Almost 700 people signed an internet petition organised by the Whitby to York rail link group within 48 hours of it appearing online and campaigners say that they are “very confident” of succeeding in their aims.
The group, formed only 18 days ago, are petitioning central government in the hope of securing funding which would allow six miles of track to be re-laid between Rillington and Pickering, thus connecting Whitby with the line leading directly to York.
Speaking on the group’s behalf, Whitby-born Neil Kipling said: “Restoring this rail link would not only be good news for Whitby, but it would also benefit North Yorkshire.
“It is not a new idea, it has been mooted before but with the advent of High Speed 2 travel, I think we find ourselves in a situation where the government cannot ignore the need to allow rural areas access to mainline railways.
“The response has been absolutely amazing and as a result I’m very confident that with so much support behind us we can succeed.”
The termination of Whitby to Malton passenger services were announced in September 1964 and the line closed the following year.
It is currently possible to travel by train between Whitby and York but the journey involves changing at Middlesbrough and can take more than three hours to complete.
In order to restore Whitby’s rail link to York via Malton, a complete restructuring of Rillington junction would be necessary along with the re-laying of six miles of track to connect the line to Pickering.
Mr Kipling believes that these steps are both achievable and affordable.
“The work that needs to be done is certainly not an impossibility in this day and age,” he said.
“The track beds are already in existence and some signal boxes also remain.
“We feel that as a group we could raise a significant amount of the money needed to undertake the work.
“There are examples of the government granting funding for the restoration of lines in both Derbyshire and north of the border, so it seems that the government are willing and able to back such schemes.”
According to the Mr Kipling, the benefits of the restoration of the rail link would be varied and far-reaching.
He added: “The rail link would not only provide better transport options but it would bring more people to the area, which would benefit tourism and local businesses.
“There are environmental benefits too.
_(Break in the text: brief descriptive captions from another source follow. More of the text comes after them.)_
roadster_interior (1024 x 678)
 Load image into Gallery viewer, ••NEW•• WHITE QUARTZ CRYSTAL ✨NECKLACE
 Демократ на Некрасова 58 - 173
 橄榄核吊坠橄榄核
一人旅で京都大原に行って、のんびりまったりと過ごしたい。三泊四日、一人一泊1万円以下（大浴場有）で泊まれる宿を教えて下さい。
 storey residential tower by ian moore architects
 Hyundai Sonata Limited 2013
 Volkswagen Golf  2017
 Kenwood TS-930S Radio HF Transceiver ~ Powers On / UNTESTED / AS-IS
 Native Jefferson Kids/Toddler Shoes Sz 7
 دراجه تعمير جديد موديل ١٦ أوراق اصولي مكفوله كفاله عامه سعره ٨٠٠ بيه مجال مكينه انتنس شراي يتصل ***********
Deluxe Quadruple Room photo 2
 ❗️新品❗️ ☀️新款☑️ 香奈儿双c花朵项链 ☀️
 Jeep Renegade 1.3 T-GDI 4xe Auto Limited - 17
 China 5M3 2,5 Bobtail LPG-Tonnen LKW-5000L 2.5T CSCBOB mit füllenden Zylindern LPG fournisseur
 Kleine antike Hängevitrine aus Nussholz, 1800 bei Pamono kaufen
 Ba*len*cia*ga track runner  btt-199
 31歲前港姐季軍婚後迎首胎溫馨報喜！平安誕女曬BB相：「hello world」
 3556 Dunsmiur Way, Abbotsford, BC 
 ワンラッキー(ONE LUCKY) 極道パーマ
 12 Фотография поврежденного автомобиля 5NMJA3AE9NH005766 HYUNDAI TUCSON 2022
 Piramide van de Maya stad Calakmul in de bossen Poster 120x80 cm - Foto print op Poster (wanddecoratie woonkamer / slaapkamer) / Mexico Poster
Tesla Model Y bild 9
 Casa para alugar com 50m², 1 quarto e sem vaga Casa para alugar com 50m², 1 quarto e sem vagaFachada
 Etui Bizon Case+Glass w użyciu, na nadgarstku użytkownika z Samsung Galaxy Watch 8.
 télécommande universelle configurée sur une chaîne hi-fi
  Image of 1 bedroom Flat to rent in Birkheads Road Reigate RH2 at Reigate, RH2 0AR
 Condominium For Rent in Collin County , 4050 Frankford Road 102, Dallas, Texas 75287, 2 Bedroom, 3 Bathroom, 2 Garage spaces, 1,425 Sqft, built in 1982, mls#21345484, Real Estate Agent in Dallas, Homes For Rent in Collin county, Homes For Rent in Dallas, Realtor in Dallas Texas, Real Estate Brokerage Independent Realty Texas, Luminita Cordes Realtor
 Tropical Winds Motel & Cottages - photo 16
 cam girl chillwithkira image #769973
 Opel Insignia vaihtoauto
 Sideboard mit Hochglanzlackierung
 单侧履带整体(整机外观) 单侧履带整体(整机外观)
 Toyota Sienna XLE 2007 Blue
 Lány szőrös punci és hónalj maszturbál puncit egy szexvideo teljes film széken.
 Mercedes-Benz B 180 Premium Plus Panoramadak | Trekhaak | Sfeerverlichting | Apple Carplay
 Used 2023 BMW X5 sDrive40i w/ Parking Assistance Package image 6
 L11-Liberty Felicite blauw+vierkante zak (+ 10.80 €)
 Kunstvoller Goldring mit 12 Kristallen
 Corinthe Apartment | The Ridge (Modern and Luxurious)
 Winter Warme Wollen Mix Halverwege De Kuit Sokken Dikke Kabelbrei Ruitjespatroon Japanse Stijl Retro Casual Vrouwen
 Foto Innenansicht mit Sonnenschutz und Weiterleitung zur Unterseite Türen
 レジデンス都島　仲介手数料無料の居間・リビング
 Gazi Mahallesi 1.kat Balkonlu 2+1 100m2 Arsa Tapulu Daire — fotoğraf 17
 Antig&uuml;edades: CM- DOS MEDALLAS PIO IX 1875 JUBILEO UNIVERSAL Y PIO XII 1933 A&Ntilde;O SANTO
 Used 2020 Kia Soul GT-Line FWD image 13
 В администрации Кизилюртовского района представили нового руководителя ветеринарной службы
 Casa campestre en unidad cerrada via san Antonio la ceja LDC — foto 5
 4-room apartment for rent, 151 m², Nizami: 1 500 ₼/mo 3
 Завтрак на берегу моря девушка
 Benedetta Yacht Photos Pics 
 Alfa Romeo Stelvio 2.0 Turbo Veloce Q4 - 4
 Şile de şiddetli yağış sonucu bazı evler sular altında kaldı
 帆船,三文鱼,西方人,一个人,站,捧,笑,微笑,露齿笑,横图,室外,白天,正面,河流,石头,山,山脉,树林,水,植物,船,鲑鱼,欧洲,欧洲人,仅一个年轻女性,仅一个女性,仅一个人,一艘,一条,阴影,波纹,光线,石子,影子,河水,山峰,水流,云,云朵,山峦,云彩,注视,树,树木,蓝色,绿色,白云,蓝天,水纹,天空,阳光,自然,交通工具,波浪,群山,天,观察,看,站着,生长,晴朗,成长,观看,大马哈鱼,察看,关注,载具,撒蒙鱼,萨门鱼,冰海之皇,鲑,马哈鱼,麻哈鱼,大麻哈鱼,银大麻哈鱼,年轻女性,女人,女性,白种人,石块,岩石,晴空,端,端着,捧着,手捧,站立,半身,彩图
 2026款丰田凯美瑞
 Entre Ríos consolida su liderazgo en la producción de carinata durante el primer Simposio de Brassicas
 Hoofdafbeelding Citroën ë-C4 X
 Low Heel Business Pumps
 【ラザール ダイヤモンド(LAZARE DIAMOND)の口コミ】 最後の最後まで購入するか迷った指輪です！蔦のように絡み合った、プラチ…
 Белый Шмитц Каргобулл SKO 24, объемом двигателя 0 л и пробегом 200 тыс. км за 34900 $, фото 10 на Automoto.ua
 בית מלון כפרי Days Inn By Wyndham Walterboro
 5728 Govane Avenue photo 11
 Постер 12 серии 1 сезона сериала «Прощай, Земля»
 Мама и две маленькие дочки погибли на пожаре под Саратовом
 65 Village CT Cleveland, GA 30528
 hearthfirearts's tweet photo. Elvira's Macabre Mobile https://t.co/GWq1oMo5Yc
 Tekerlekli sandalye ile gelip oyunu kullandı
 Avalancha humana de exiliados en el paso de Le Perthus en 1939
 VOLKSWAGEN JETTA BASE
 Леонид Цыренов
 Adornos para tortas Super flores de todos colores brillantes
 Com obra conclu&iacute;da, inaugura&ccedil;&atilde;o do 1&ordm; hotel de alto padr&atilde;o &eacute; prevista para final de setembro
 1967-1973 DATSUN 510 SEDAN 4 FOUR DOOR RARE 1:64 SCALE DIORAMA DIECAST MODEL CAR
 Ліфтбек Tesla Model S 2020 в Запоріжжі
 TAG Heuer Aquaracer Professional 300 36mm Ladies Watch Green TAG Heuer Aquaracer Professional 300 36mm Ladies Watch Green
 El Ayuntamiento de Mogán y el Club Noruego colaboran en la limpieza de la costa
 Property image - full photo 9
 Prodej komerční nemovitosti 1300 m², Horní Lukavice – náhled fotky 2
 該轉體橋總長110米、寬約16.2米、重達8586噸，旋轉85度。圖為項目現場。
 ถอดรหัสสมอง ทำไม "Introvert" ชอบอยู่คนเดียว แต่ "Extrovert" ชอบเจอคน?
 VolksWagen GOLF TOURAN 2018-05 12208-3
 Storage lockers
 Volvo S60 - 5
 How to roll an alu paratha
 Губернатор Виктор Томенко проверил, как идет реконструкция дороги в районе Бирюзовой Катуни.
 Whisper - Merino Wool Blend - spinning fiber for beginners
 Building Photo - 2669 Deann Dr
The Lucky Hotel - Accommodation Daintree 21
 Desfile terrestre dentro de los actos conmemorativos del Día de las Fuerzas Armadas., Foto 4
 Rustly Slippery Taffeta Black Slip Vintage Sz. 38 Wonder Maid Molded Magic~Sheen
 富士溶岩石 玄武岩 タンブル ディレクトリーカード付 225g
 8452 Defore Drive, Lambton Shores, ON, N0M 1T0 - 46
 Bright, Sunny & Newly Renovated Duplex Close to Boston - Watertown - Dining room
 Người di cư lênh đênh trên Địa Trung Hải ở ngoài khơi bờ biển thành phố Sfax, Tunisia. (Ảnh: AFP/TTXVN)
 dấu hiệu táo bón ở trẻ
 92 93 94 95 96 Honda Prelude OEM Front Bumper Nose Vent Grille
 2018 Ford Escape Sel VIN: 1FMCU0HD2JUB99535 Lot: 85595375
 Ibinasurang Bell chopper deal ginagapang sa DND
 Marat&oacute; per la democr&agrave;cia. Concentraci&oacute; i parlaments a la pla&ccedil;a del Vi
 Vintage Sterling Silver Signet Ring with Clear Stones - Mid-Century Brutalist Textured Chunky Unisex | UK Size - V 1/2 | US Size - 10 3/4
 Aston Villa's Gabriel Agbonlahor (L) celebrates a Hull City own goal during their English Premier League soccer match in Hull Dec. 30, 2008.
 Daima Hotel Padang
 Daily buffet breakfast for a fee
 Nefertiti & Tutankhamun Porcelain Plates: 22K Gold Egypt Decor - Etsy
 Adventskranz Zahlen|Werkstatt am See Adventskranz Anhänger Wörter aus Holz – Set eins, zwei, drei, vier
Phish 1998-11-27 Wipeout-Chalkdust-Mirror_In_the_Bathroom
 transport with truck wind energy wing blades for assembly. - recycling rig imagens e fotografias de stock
North Yorkshire’s roads can’t cope as it is and better rail links would take cars off the road.”
The successful operation of services between Whitby and York would be dependant on the consent of North Yorkshire Moors Railway which owns and operates the line between Pickering and Grosmont.
Mr Kipling said that attempts have been made to contact NYMR in order to initiate a discussion on the subject.
“Of course we would be happy to work alongside NYMR. To move our plans forward from where we are now is dependant on us entering into dialogue with them.
“We genuinely believe that this is the way forward for NYMR and would attract more people, greater footfall and increased income for both the railway and the region.”
Despite the optimism expressed by the group, Robert Goodwill, MP for Whitby and parliamentary under-secretary of state for transport, feels that the plans are destined to hit the buffers sooner rather than later.
He said: “I love railways and I would encourage people to use them as a sustainable mode of transport but I think this idea is a non-starter.
“It is not a new notion, and it is something that I have looked at very carefully and it just isn’t going to happen.
“In an ideal world, it is a nice idea, but it isn’t practical. Buildings in Pickering would have to be demolished, and using NYMR track would prove problematic.”